Junto con la concentración y la observación, la ecuanimidad es la tercera habilidad que desarrollamos durante la meditación.
Somos ecuánimes cuando no intentamos resistir, manipular, controlar o retener la experiencia interior del momento presente. Ser ecuánime es permitir que la experiencia sea la que es sin intentar retenerla ni tampoco rechazarla. A menudo se confunde la ecuanimidad con la insensibilidad. Pero precisamente cuando somos ecuánimes sentimos más plenamente. El hecho de no rechazar nada ni tampoco agarrarnos ansiosamente a nada nos permite sentir con más plenitud. La ecuanimidad tampoco tiene que ver con la pasividad. Tomamos las decisiones y emprendemos las acciones necesarias para mejorar nuestra vida. Y mientras lo hacemos podemos ser ecuánimes con nuestra experiencia interior en el presente.

Lo más importante de la ecuanimidad es que nos permite disminuir el sufrimiento. Podemos explicarlo con un ejemplo. Cuando estamos meditando y nos empieza a doler un poco la rodilla, el proceso interior que seguimos habitualmente es el siguiente: alteramos la respiración, tensamos algunos grupos musculares y empezamos a hacer comentarios mentales negativos de rechazo de la experiencia dolorosa. Esto ocurre casi automáticamente, estamos condicionados así y no nos planteamos si puede haber otro camino. El caso es que sí hay otro camino. Si aprendemos a mantenernos ecuánimes con la experiencia dolorosa, esto es, si mantenemos la respiración serena, no tensamos los músculos y no hacemos ningún comentario mental negativo, la sensibilidad dolorosa continua igual pero la experiencia de sufrimiento disminuye drásticamente. Si el sufrimiento fuera el área de un cuadrado, uno de los lados del cuadrado sería la sensibilidad dolorosa y el otro lado sería la resistencia a la experiencia dolorosa. Si tomamos un analgésico estamos disminuyendo el lado de la sensibilidad dolorosa, si practicamos la ecuanimidad estamos disminuyendo el lado de la resistencia. De las dos maneras reducimos el área del cuadrado del sufrimiento.

Hemos dicho que ser ecuánime es no resistir… ni tampoco agarrar. Y es que con el placer seguimos el mismo proceso aunque en este caso intentando retener. Tenemos una experiencia placentera y al intentar retenerla la matamos porque estamos obstruyendo el curso natural de la experiencia.
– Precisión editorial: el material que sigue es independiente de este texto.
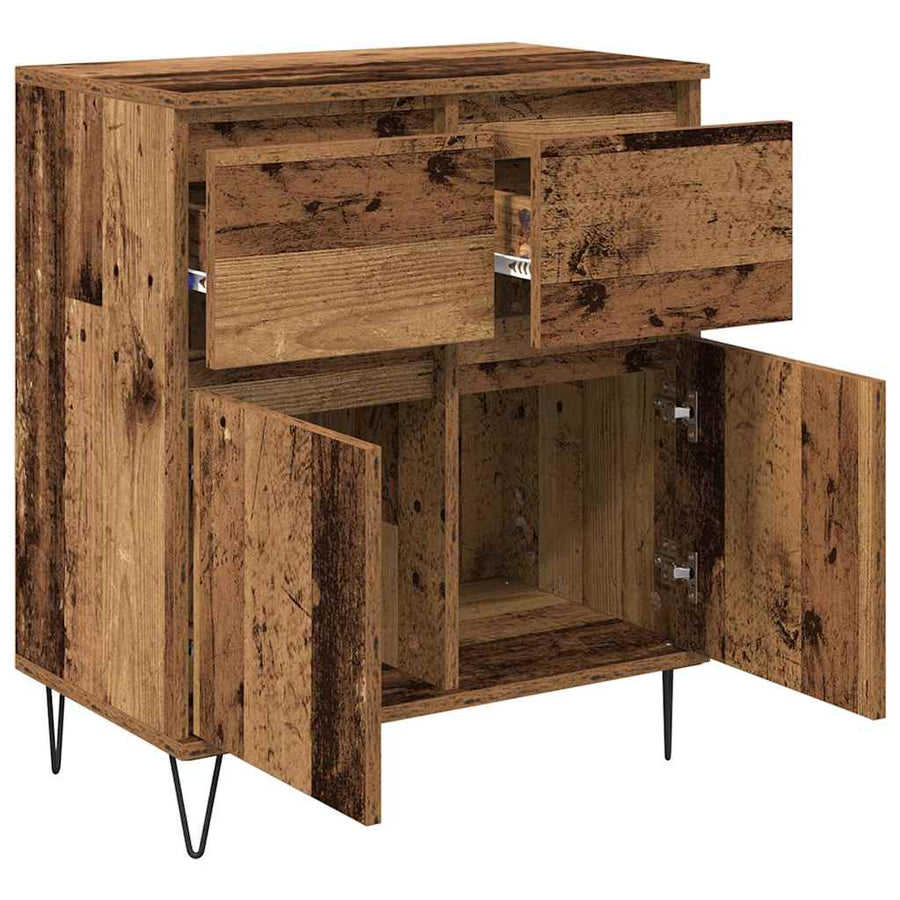Dressoir Oud Hout 60 x 35 x 70 cm Gemonteerd hout en ijzer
Tanto en el caso de intentar resistir lo que no nos gusta como en el de intentar retener lo que nos gusta, lo que estamos haciendo es impedir el fluir natural de la experiencia interior. La experiencia interior es un proceso de entrada y salida de sensaciones, igual que el proceso de la digestión o el de la respiración. El aire entra y sale, la comida entra y sale, siempre. ¿Os imagináis intentar resistir la entrada de aire en los pulmones o intentar impedir la salida del aire de los pulmones? Todo está fluyendo en ciclos y cuando somos ecuánimes permitimos estos ciclos naturales.
Cuando la ecuanimidad no aparece de forma natural podemos entrenarla progresivamente. Y la meditación es un espacio que nos permite hacerlo porque estamos bien quietos, bien atentos y bien despiertos a lo que está pasando en nuestra experiencia interior. Así aprendemos cómo meditar.